▸ **What needs to be done**
Of the lines listed below, return exactly those that run from the line containing "Item preview, All" through the line containing "Pheidole punctulata - CASENT0904196", both included.

── Records for the exercise ──

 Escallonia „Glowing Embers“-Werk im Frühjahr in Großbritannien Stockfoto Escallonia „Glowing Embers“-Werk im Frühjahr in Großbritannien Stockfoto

───
── Records for the exercise ──

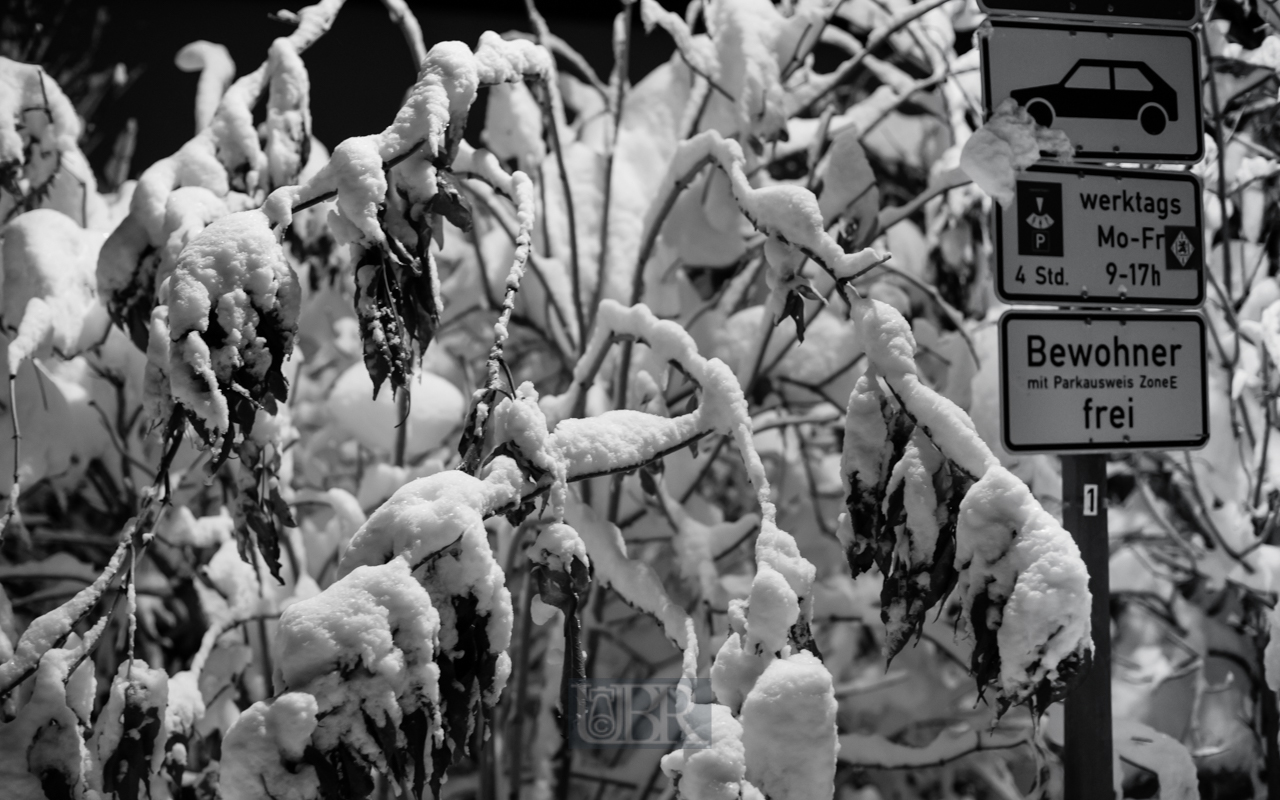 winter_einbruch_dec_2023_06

───
── Records for the exercise ──

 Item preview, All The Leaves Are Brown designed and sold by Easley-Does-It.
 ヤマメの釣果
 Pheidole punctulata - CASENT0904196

───

▸ **Output**
 Item preview, All The Leaves Are Brown designed and sold by Easley-Does-It.
 ヤマメの釣果
 Pheidole punctulata - CASENT0904196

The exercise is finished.